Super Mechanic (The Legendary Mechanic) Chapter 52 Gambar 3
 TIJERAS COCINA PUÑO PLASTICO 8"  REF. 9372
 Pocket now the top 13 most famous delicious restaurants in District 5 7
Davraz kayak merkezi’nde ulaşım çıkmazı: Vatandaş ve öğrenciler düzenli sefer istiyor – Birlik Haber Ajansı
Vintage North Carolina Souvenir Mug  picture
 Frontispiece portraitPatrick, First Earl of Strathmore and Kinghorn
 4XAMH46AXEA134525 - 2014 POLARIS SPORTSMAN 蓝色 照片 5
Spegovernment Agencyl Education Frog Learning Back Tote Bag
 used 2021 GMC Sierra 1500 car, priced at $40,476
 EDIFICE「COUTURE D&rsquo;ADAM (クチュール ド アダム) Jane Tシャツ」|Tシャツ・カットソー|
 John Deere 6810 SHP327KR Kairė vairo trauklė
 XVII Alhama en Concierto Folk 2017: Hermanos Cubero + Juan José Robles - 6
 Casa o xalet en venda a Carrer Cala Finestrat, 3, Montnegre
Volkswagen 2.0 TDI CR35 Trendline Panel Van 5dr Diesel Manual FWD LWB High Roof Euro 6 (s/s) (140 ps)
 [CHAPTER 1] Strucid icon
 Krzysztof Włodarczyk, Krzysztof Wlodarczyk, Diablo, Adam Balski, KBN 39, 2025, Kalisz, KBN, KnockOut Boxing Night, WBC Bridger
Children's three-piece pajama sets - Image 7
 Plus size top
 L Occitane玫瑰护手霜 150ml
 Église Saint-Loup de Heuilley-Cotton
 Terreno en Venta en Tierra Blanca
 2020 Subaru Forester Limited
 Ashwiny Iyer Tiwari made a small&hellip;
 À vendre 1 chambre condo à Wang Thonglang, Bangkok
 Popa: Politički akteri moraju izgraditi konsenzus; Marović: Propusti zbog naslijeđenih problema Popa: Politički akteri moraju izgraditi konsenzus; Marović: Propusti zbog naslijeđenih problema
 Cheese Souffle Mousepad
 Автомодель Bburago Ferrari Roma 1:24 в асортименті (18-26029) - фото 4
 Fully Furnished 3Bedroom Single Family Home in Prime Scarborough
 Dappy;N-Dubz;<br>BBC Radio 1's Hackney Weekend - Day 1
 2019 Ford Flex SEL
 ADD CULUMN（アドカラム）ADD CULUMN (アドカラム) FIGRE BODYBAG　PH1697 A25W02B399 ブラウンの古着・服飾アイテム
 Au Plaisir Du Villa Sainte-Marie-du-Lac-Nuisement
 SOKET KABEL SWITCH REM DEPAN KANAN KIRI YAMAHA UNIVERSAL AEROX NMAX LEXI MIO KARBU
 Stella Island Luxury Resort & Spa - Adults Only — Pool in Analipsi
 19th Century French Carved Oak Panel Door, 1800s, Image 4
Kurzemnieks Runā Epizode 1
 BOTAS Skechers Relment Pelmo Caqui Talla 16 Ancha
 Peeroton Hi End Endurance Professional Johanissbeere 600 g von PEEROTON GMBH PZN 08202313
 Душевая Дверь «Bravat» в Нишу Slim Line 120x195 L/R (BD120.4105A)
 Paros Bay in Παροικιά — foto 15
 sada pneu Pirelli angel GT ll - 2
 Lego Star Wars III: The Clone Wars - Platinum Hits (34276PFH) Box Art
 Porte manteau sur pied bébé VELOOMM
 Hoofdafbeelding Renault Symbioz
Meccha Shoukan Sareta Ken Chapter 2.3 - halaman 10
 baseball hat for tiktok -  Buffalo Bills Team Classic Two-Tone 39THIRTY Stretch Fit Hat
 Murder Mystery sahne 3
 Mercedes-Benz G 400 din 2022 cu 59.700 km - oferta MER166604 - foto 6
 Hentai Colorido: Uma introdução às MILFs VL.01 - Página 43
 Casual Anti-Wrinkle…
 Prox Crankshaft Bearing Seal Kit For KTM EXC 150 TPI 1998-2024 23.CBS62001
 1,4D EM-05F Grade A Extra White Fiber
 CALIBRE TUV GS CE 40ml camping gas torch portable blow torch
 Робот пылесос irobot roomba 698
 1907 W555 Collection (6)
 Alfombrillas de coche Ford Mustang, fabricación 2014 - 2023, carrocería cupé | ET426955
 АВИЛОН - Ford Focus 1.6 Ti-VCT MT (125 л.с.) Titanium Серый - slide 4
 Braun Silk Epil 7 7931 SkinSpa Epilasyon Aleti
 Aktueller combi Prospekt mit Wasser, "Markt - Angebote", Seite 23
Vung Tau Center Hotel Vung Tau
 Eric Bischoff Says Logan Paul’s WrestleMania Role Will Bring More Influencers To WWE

* _Assigned task_
Reproduce the material in full, keeping every line exactly as given.

* _Task answer_
Super Mechanic (The Legendary Mechanic) Chapter 52 Gambar 3
 TIJERAS COCINA PUÑO PLASTICO 8"  REF. 9372
 Pocket now the top 13 most famous delicious restaurants in District 5 7
Davraz kayak merkezi’nde ulaşım çıkmazı: Vatandaş ve öğrenciler düzenli sefer istiyor – Birlik Haber Ajansı
Vintage North Carolina Souvenir Mug  picture
 Frontispiece portraitPatrick, First Earl of Strathmore and Kinghorn
 4XAMH46AXEA134525 - 2014 POLARIS SPORTSMAN 蓝色 照片 5
Spegovernment Agencyl Education Frog Learning Back Tote Bag
 used 2021 GMC Sierra 1500 car, priced at $40,476
 EDIFICE「COUTURE D&rsquo;ADAM (クチュール ド アダム) Jane Tシャツ」|Tシャツ・カットソー|
 John Deere 6810 SHP327KR Kairė vairo trauklė
 XVII Alhama en Concierto Folk 2017: Hermanos Cubero + Juan José Robles - 6
 Casa o xalet en venda a Carrer Cala Finestrat, 3, Montnegre
Volkswagen 2.0 TDI CR35 Trendline Panel Van 5dr Diesel Manual FWD LWB High Roof Euro 6 (s/s) (140 ps)
 [CHAPTER 1] Strucid icon
 Krzysztof Włodarczyk, Krzysztof Wlodarczyk, Diablo, Adam Balski, KBN 39, 2025, Kalisz, KBN, KnockOut Boxing Night, WBC Bridger
Children's three-piece pajama sets - Image 7
 Plus size top
 L Occitane玫瑰护手霜 150ml
 Église Saint-Loup de Heuilley-Cotton
 Terreno en Venta en Tierra Blanca
 2020 Subaru Forester Limited
 Ashwiny Iyer Tiwari made a small&hellip;
 À vendre 1 chambre condo à Wang Thonglang, Bangkok
 Popa: Politički akteri moraju izgraditi konsenzus; Marović: Propusti zbog naslijeđenih problema Popa: Politički akteri moraju izgraditi konsenzus; Marović: Propusti zbog naslijeđenih problema
 Cheese Souffle Mousepad
 Автомодель Bburago Ferrari Roma 1:24 в асортименті (18-26029) - фото 4
 Fully Furnished 3Bedroom Single Family Home in Prime Scarborough
 Dappy;N-Dubz;<br>BBC Radio 1's Hackney Weekend - Day 1
 2019 Ford Flex SEL
 ADD CULUMN（アドカラム）ADD CULUMN (アドカラム) FIGRE BODYBAG　PH1697 A25W02B399 ブラウンの古着・服飾アイテム
 Au Plaisir Du Villa Sainte-Marie-du-Lac-Nuisement
 SOKET KABEL SWITCH REM DEPAN KANAN KIRI YAMAHA UNIVERSAL AEROX NMAX LEXI MIO KARBU
 Stella Island Luxury Resort & Spa - Adults Only — Pool in Analipsi
 19th Century French Carved Oak Panel Door, 1800s, Image 4
Kurzemnieks Runā Epizode 1
 BOTAS Skechers Relment Pelmo Caqui Talla 16 Ancha
 Peeroton Hi End Endurance Professional Johanissbeere 600 g von PEEROTON GMBH PZN 08202313
 Душевая Дверь «Bravat» в Нишу Slim Line 120x195 L/R (BD120.4105A)
 Paros Bay in Παροικιά — foto 15
 sada pneu Pirelli angel GT ll - 2
 Lego Star Wars III: The Clone Wars - Platinum Hits (34276PFH) Box Art
 Porte manteau sur pied bébé VELOOMM
 Hoofdafbeelding Renault Symbioz
Meccha Shoukan Sareta Ken Chapter 2.3 - halaman 10
 baseball hat for tiktok -  Buffalo Bills Team Classic Two-Tone 39THIRTY Stretch Fit Hat
 Murder Mystery sahne 3
 Mercedes-Benz G 400 din 2022 cu 59.700 km - oferta MER166604 - foto 6
 Hentai Colorido: Uma introdução às MILFs VL.01 - Página 43
 Casual Anti-Wrinkle…
 Prox Crankshaft Bearing Seal Kit For KTM EXC 150 TPI 1998-2024 23.CBS62001
 1,4D EM-05F Grade A Extra White Fiber
 CALIBRE TUV GS CE 40ml camping gas torch portable blow torch
 Робот пылесос irobot roomba 698
 1907 W555 Collection (6)
 Alfombrillas de coche Ford Mustang, fabricación 2014 - 2023, carrocería cupé | ET426955
 АВИЛОН - Ford Focus 1.6 Ti-VCT MT (125 л.с.) Titanium Серый - slide 4
 Braun Silk Epil 7 7931 SkinSpa Epilasyon Aleti
 Aktueller combi Prospekt mit Wasser, "Markt - Angebote", Seite 23
Vung Tau Center Hotel Vung Tau
 Eric Bischoff Says Logan Paul’s WrestleMania Role Will Bring More Influencers To WWE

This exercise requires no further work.